Cionondimeno, alla luce delle considerazioni esposte dalla Suprema Corte nella pronuncia in esame – per quanto, come detto, non pienamente condivisibili –, risulta ancor più evidente come il primo, imprescindibile, passo per garantire un’effettiva compliance alla normativa di cui al D.Lgs. 231/2001 e per evitare la cosiddetta “colpa in organizzazione” sia rappresentato da una formale individuazione di ruoli all’interno della compagine sociale e da una chiara definizione di relativi poteri e responsabilità.

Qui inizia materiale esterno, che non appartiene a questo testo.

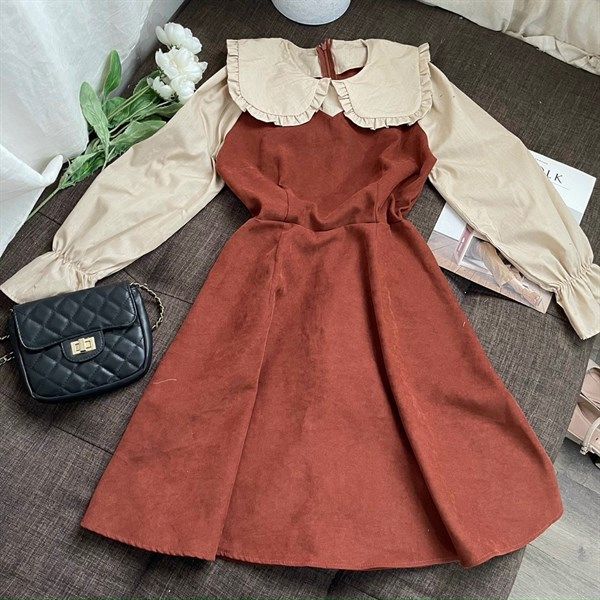 Đầm nâu phối cổ bèo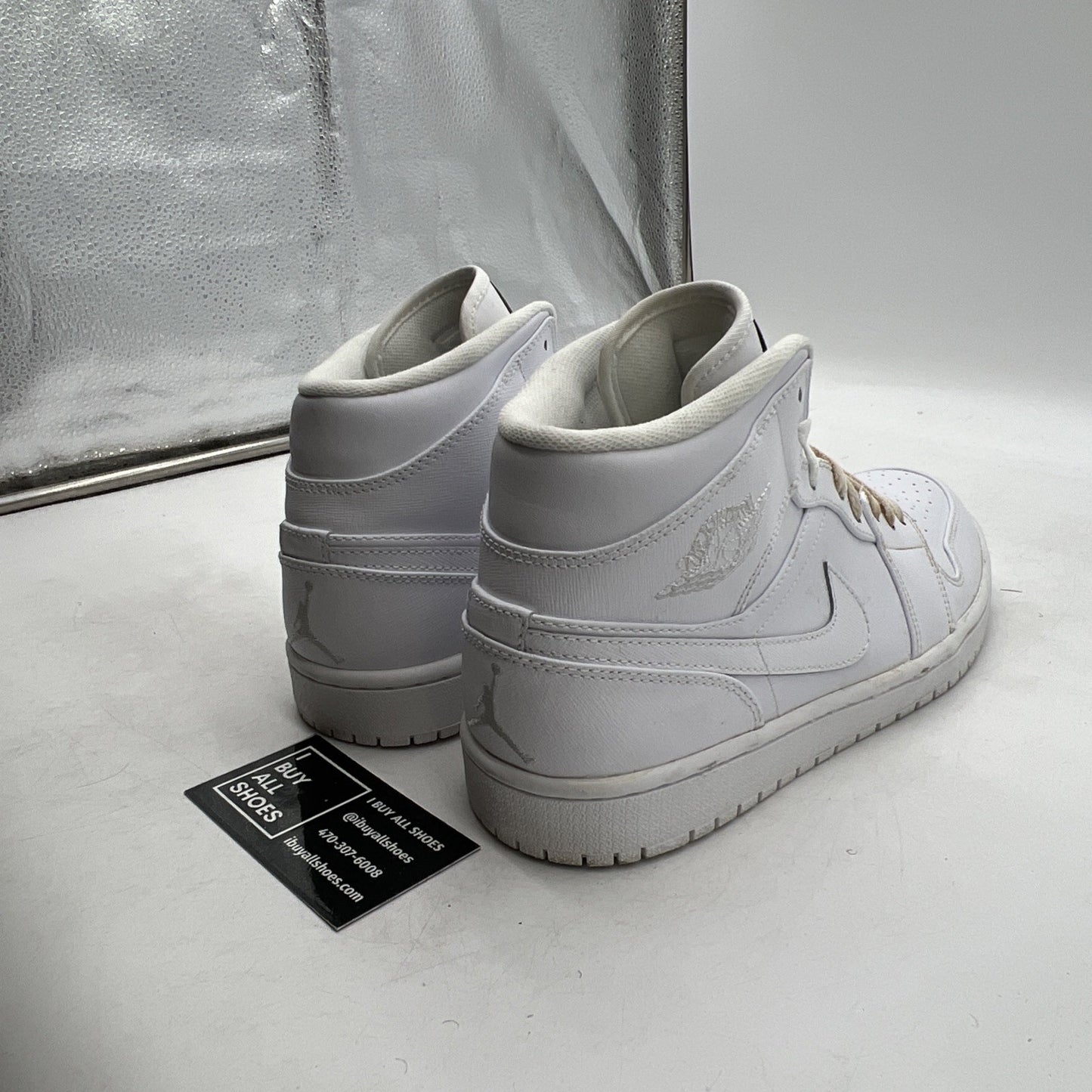 Size 9.5 - Air Jordan 1 2018 Mid Triple White (555724-100)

[1] Nella Relazione ministeriale si afferma: “[r]esta, perciò, escluso dall’orbita della disposizione l’esercizio di una funzione di controllo assimilabile a quella svolta dai sindaci. Costoro non figurano nel novero dei soggetti che, formalmente investiti di una posizione apicale, possono commettere illeciti che incardinano la responsabilità dell’ente: a maggior ragione, quindi, non è pensabile riferire una responsabilità all’ente per illeciti relativi allo svolgimento di una funzione che si risolve in un controllo sindacale di fatto”.
[2] In dottrina, tale posizione è sostenuta, ad esempio, da: T.E. Epidendio, sub art. 5, in A. Giarda, E.M. Mancuso, G. Spangher, G. Varraso (a cura di), Responsabilità “penale” delle persone giuridiche, Milano 2007, 55 ss.; F. Santi, Responsabilità da reato degli enti e modelli di esonero, Milano, 2016, 164. In giurisprudenza, si veda Trib. riesame Milano, 26 giugno 2008 (in Foro ambr., 2008, 335), secondo cui “l’esercizio di fatto per essere rilevante deve avere riguardo cumulativamente alle funzioni di gestione e controllo, volendosi includere tra i vertici solo quei soggetti che esercitano un penetrante dominio sull’ente […]”. Un esempio di azionista dominante che agisce, al contempo, come amministratore di fatto, può essere rinvenuto nell’ambito del noto caso “Viareggio”. In tale caso, la Suprema Corte si è espressa, in senso affermativo, sulla possibilità di attribuire una responsabilità a carico dell’amministratore delegato della capogruppo per illeciti verificatisi nell’ambito di società controllate (Cass. pen., Sez. IV, 6 settembre 8 gennaio 2021, n. 32899).
[3] Si veda, in tal senso, F. Bordiga, sub Artt. 5-6-7 – Profili societari, in D. Castronuovo, G. De Simone, E. Ginevra, A. Lionzo, D. Negri, G. Varraso (a cura di), Responsabilità da reato negli enti collettivi, 2019, 181.
[4] Sul fatto che tra i soggetti apicali ai fini della responsabilità degli enti non siano ricompresi i sindaci, si veda, ad esempio, F. Sbisà-E. Spinelli, Responsabilità amministrativa degli enti (D.lgs. 231/01), Milano, 2020, 31.
[5] Ex multis, Cass. pen., Sez. II, 27 settembre 2022, n. 36556.
[6] In tal senso, la giurisprudenza del Tribunale meneghino ha chiarito: “al fine del riconoscimento della qualifica di amministratore di fatto, è necessario gestire effettivamente la società: è necessario che il soggetto goda di autonomia decisionale e di poteri di controllo, ma soprattutto che abbia il potere di adottare decisioni che investano in toto la società ed il suo futuro, e ancor più che possa programmare tali decisioni. È anche necessario che i terzi, esterni o interni, individuino tale soggetto come organo di direzione e di gestione”. Inoltre, “[p]erché ad un soggetto che non riveste cariche formali all’interno della società sia ricollegabile una responsabilità a titolo di amministratore di fatto, non è sufficiente che lo stesso si ingerisca, genericamente o una tantum nell’attività sociale, essendo viceversa indispensabile l’accertamento positivo di un esercizio concreto e con un minimo di continuità delle funzioni proprie degli amministratori o di una di esse” (Sent. GUP Milano del 12 giugno 2001, in Foro Ambr., (II) 2002, 240).